**WHAT THIS TASK INVOLVES:** Drop every picture, then transcribe the remaining data exactly.

**MATERIAL PROVIDED:**
------------
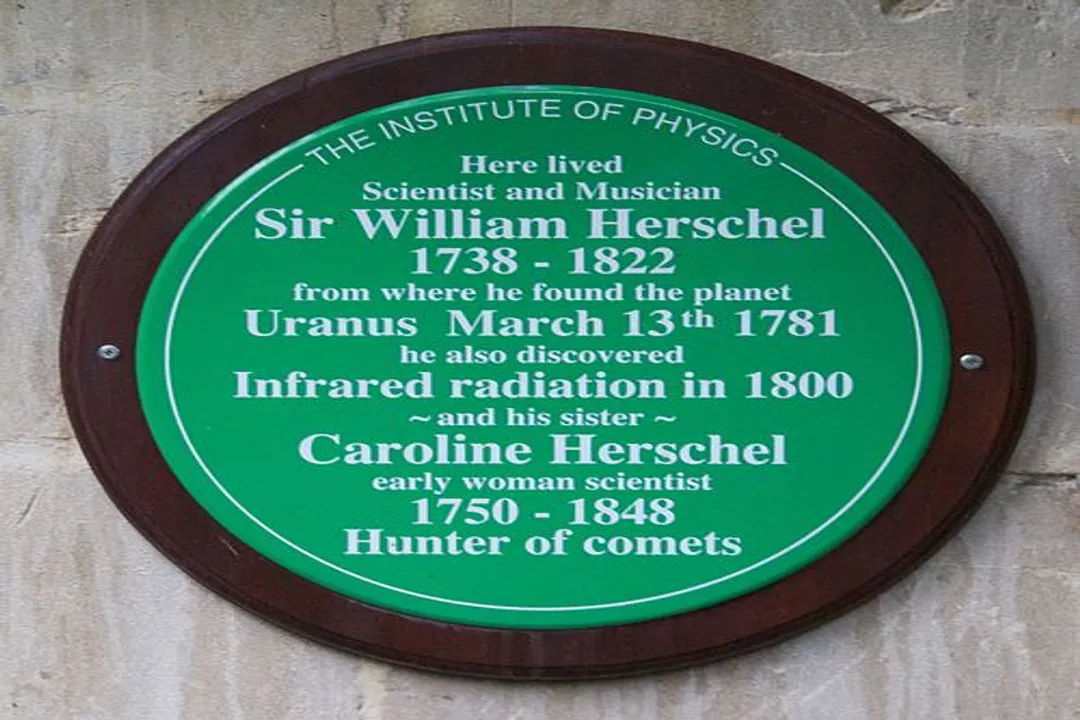 What is William Herschel known for today?, Telescope Crafting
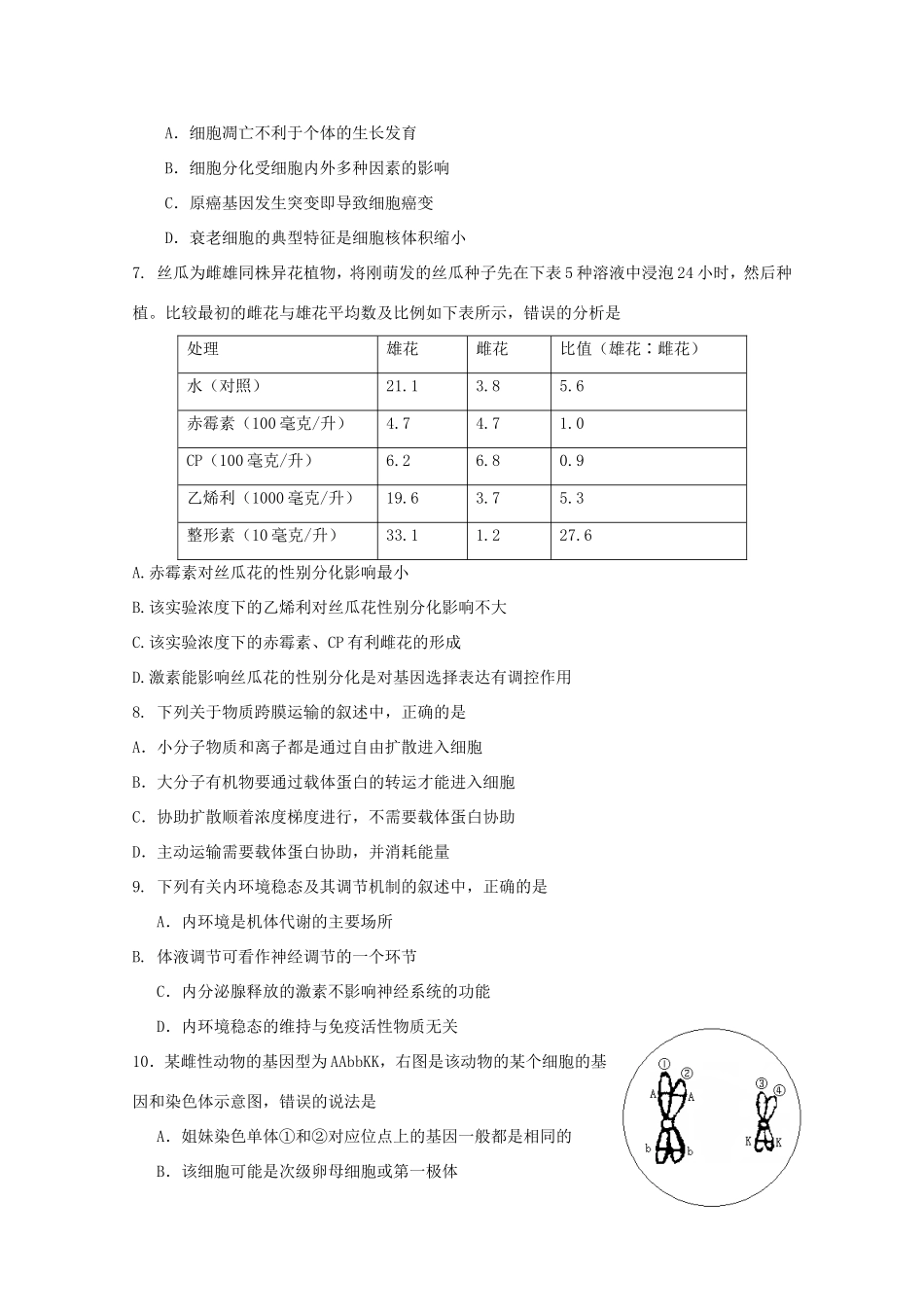 （江苏卷）高考理综（生物部分）压轴卷2苏教版_第2页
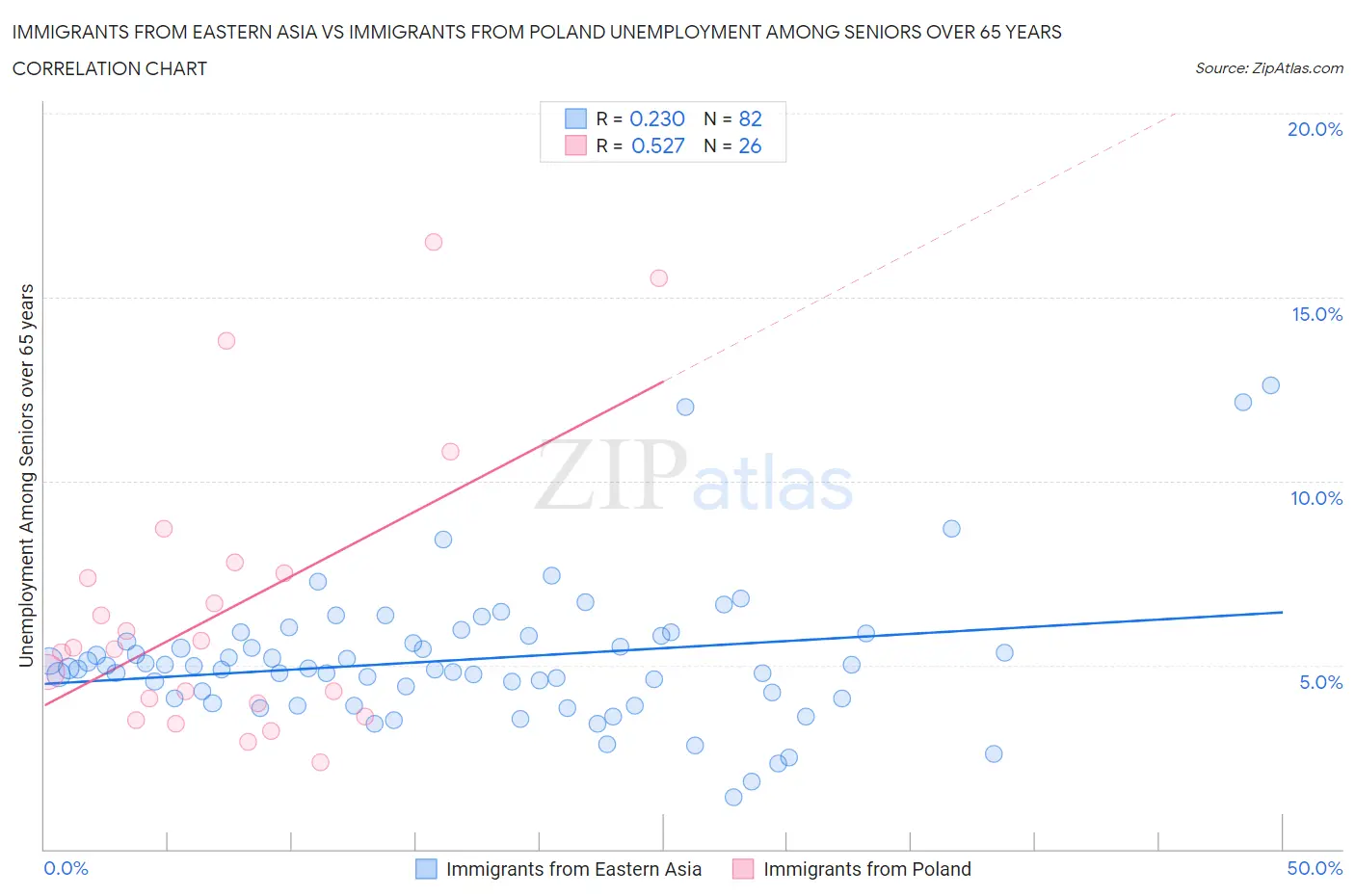 Immigrants from Eastern Asia vs Immigrants from Poland Unemployment Among Seniors over 65 years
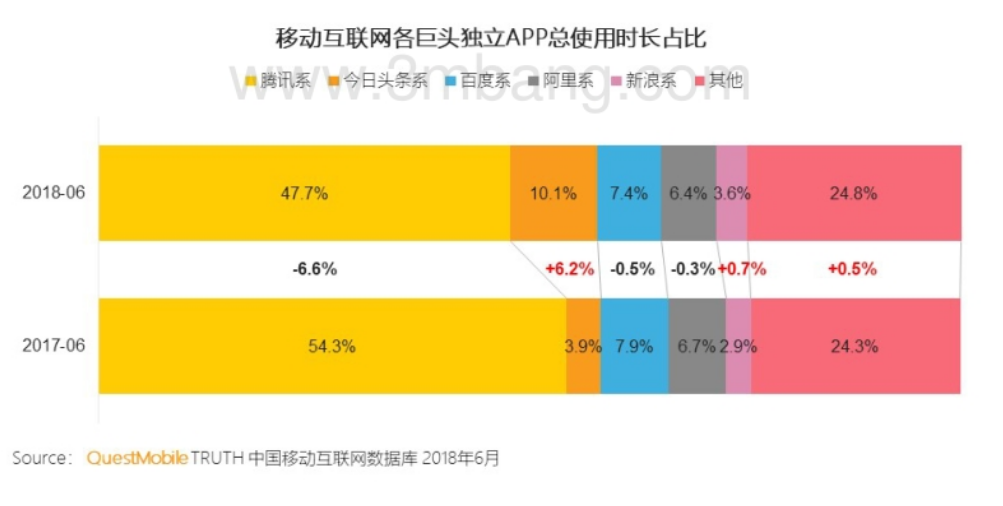 腾讯PK头条，用户时间争夺战扳回一城？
------------
**EXERCISE ANSWER:**
 What is William Herschel known for today?, Telescope Crafting
 （江苏卷）高考理综（生物部分）压轴卷2苏教版_第2页
 Immigrants from Eastern Asia vs Immigrants from Poland Unemployment Among Seniors over 65 years
 腾讯PK头条，用户时间争夺战扳回一城？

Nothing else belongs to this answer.